Papandreou's trip to Washington with his finance minister, George Papaconstantinou, comes as Greece tries to climb out of a steep economic hole that widened after Papandreou's Socialist party came to power in October and revealed that its budget deficit was far worse than the previous government had disclosed. Greece revised its budget deficit to 12.7 percent of gross domestic product for 2009, from below 4 percent earlier last year.
The trip is part of a four-nation tour aimed at boosting Greece's financial credibility and winning support for more favorable interest rates for loans. Papandreou said the solution lies with support from European Union countries. He is in the United States as the Obama administration and Congress are considering major changes in the U.S. financial system, designed to prevent future activities such as those that caused a major recession in Obama's first year in office.
Papaconstantinou told The Associated Press that he and his prime minister would try to show the White House how hedge funds made the crisis worse by betting on Greece defaulting on its loans, then seeking to make that result more likely.

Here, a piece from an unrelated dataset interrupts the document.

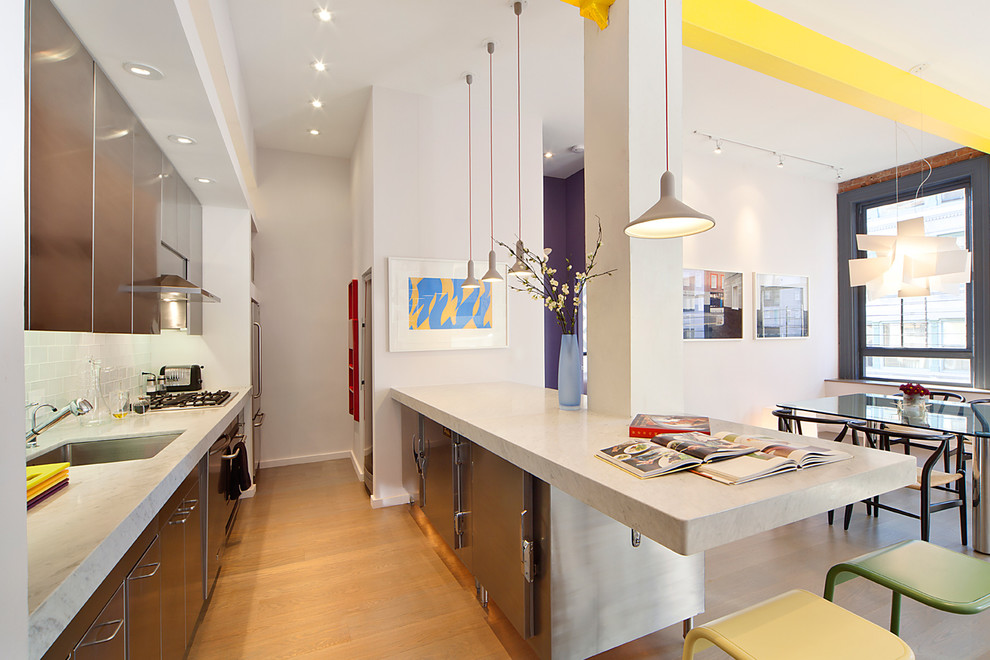Photo of a medium sized contemporary galley kitchen/diner in New York with a submerged sink, flat-panel cabinets, stainless steel cabinets, granite worktops, glass tiled splashback, stainless steel appliances, medium hardwood flooring and a breakfast bar.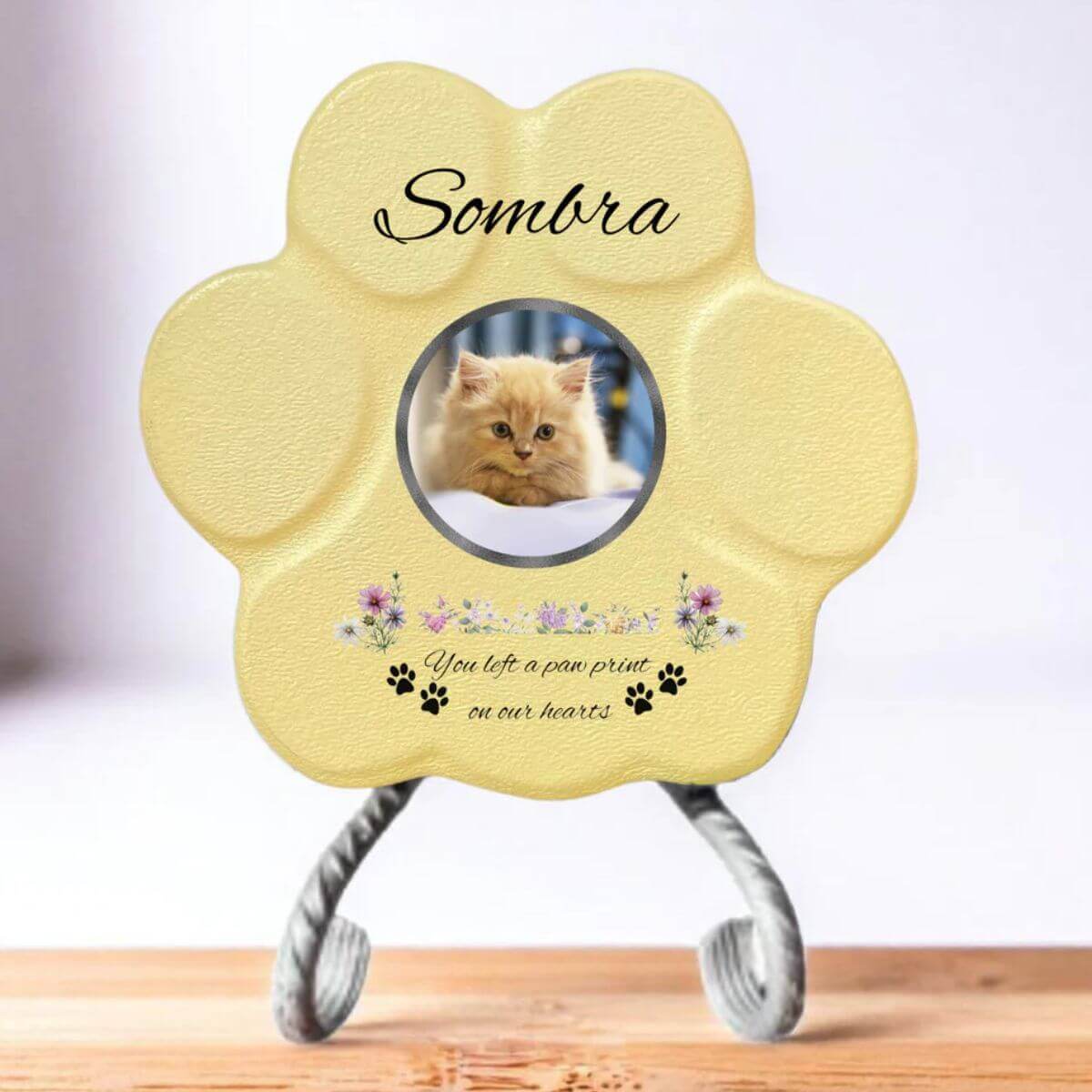 Lápida con forma de huella de piedra personalizada en amarillo tamaño pequeno, con soporte. Incluye ejemplo con la foto de tu gato, su nombre y un Mensaje. Un recuerdo único y emotivo para honrar su memoria.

On Monday, Papandreou compared currency speculators to arsonists.
"It is common sense, enforced by insurance regulators, that a person is not allowed to buy fire insurance on his neighbor's house, and then burn it down to collect on that insurance," Papandreou said. "If Europe and America jointly step in to shore up global financial regulation, and to finally ensure enforcement of regulations, we can curtail such activities."
Papaconstantinou warned that leading economic powers have not yet implemented the changes needed to avoid another financial crisis.
"The real question that we should be asking ourselves on both sides of the ocean is: Have we learned the lessons of that financial crisis?" he said. "I think the honest answer is that despite some political will to do so, we haven't actually taken all the necessary measures."